### Task item
These records contain pictures, which must be left out; copy exactly the lines from the one with "Photo - Charming" up to and including the one with "Villa con impresionantes".

### The data

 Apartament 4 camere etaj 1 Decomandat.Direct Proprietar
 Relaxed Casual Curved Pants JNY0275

---

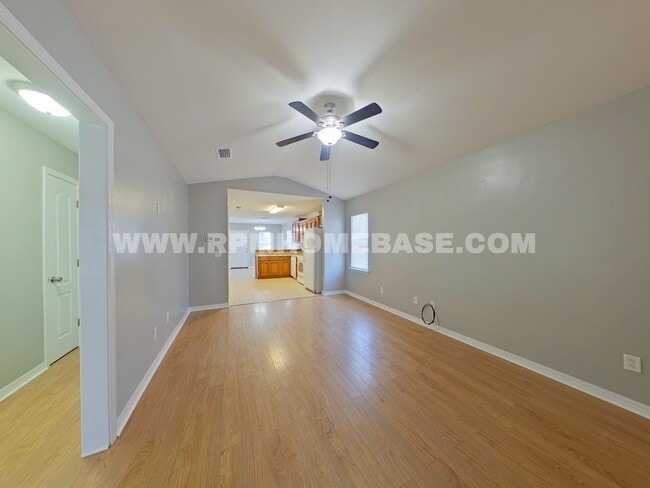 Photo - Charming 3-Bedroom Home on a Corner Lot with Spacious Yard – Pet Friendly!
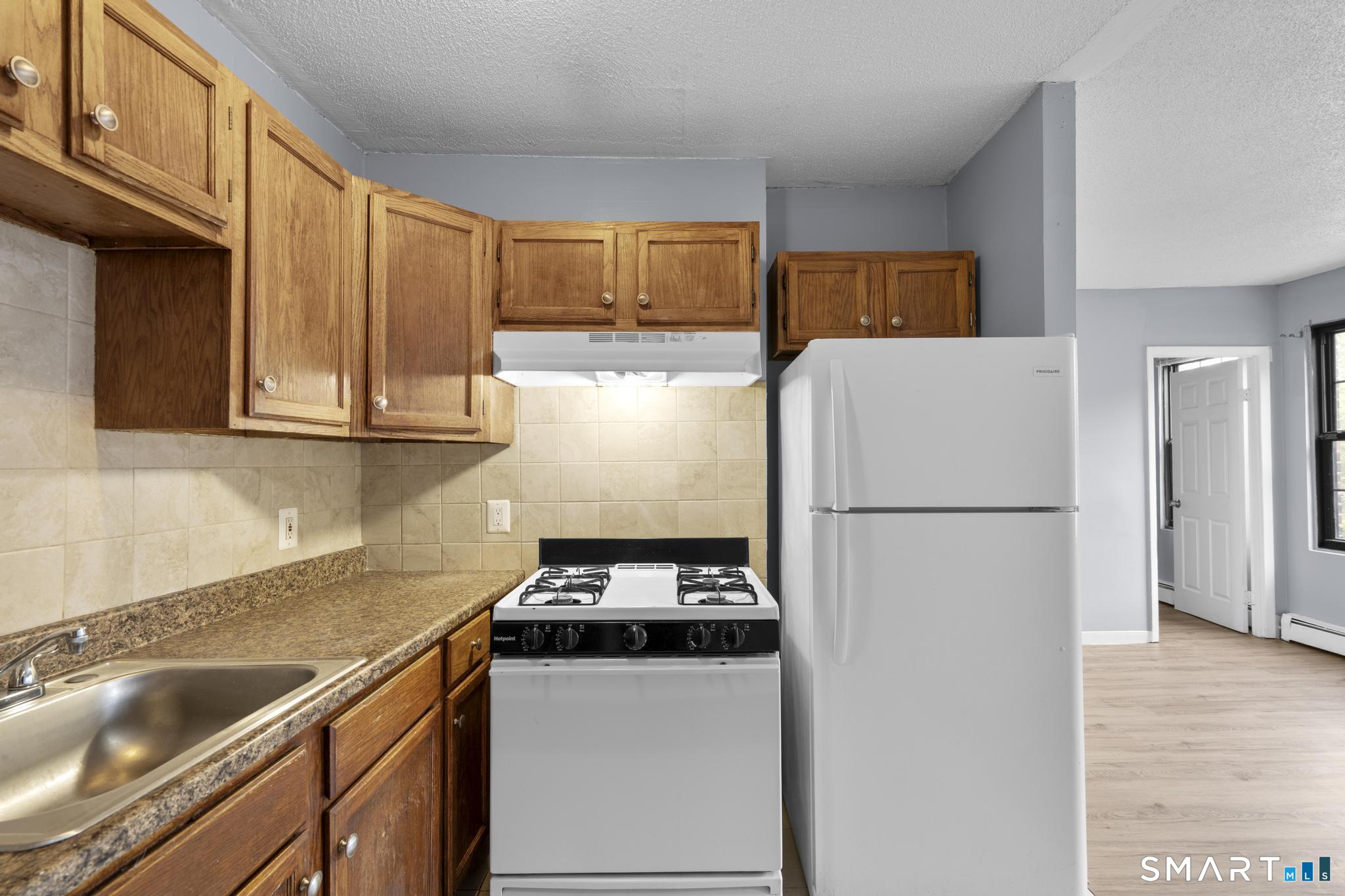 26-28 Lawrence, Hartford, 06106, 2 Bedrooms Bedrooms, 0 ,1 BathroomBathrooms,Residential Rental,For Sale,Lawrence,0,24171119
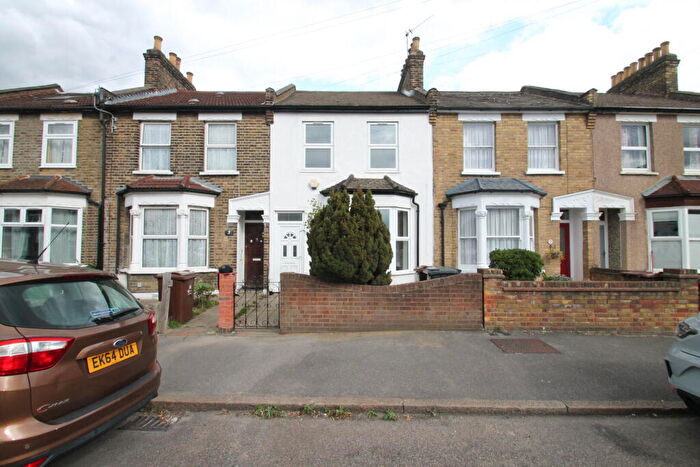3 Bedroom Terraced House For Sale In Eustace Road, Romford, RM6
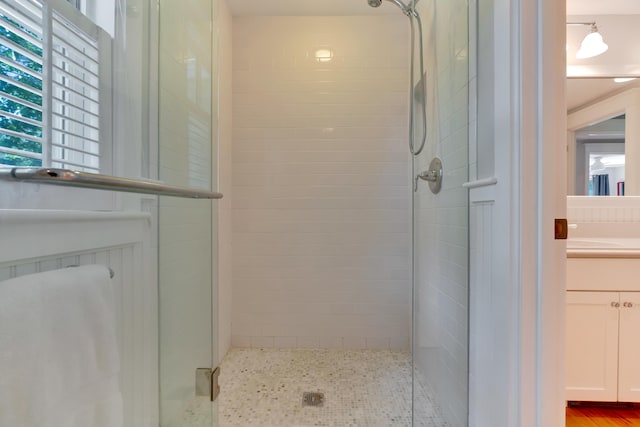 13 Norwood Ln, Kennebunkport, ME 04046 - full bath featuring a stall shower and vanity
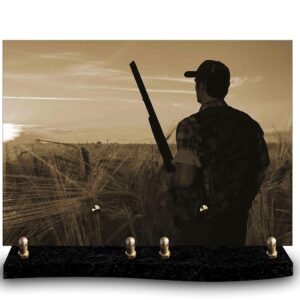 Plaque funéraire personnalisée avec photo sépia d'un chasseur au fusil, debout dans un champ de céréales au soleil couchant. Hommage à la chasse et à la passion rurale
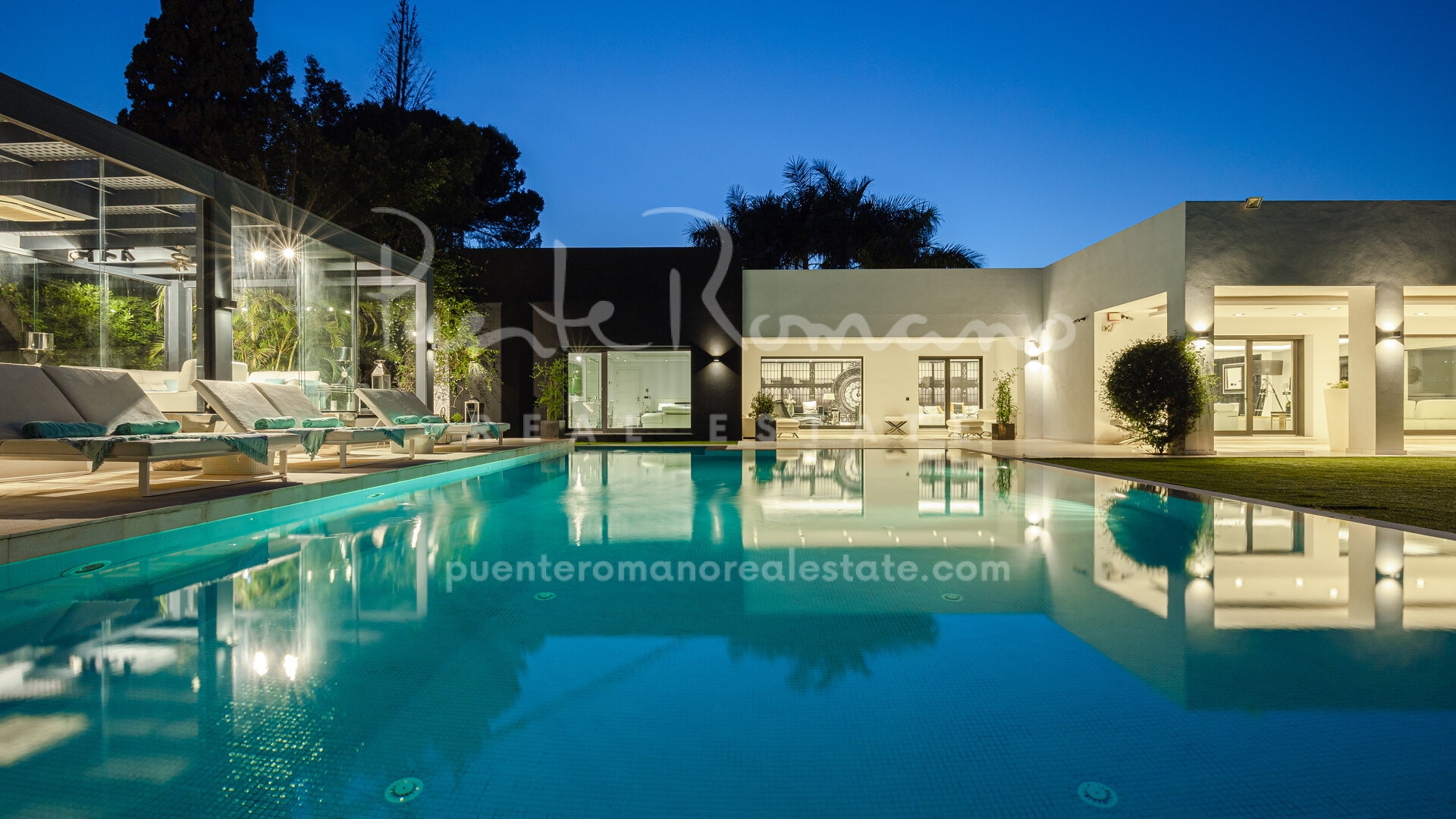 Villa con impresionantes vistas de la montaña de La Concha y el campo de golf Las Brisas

### Exercise answer
 Photo - Charming 3-Bedroom Home on a Corner Lot with Spacious Yard – Pet Friendly!
 26-28 Lawrence, Hartford, 06106, 2 Bedrooms Bedrooms, 0 ,1 BathroomBathrooms,Residential Rental,For Sale,Lawrence,0,24171119
3 Bedroom Terraced House For Sale In Eustace Road, Romford, RM6
 13 Norwood Ln, Kennebunkport, ME 04046 - full bath featuring a stall shower and vanity
 Plaque funéraire personnalisée avec photo sépia d'un chasseur au fusil, debout dans un champ de céréales au soleil couchant. Hommage à la chasse et à la passion rurale
 Villa con impresionantes vistas de la montaña de La Concha y el campo de golf Las Brisas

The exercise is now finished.